The interesting thing is that both Apple's app-based approach and Google's Web-centric mindset point in the same direction: instant access to your data, whenever you want it, wherever you are.

But the core values about what's important in achieving that goal are radically different and that leads to vastly different experiences. Apple is focused on keeping the experience of viewing and working with documents and data the same while providing ubiquitous access from a smaller set of solutions. Google wants to make your documents and data available from the widest possible array of sources, with the expectation that your hands-on experience may vary greatly from one device or app to the next.

You can criticize either approach for the tradeoffs made to achieve those core values. Apple does keep you in a walled garden. Google doesn't deliver a seamless and effortless experience.

The truth is that neither company is entirely right or wrong. Each is simply showing what it believes is most important to users, and it'll be up to the users to choose which cloud approach we prefer. That will vary, depending on what types of data you work with and how you want to work with it.

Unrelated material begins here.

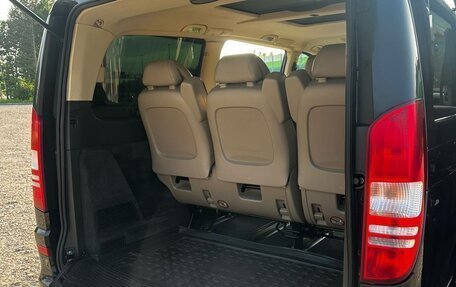 Mercedes-Benz Viano, 2012 год, 3 000 000 рублей, 10 фотография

Perhaps, iOS users will have one advantage: they aren't limited to iCloud. I have no doubt that some of my favorite iOS apps, such as QuickOffice, will adopt Apple's iCloud APIs. That won't prevent them from accessing Google Docs, Dropbox or other cloud services. In other words, while iCloud will become an option for me on my iPad and iPhone, I won't be limited to it.

On the other hand, I won't have access to iCloud -- or some other solution fundamentally baked into the OS -- on my Android phone, even if I wanted it.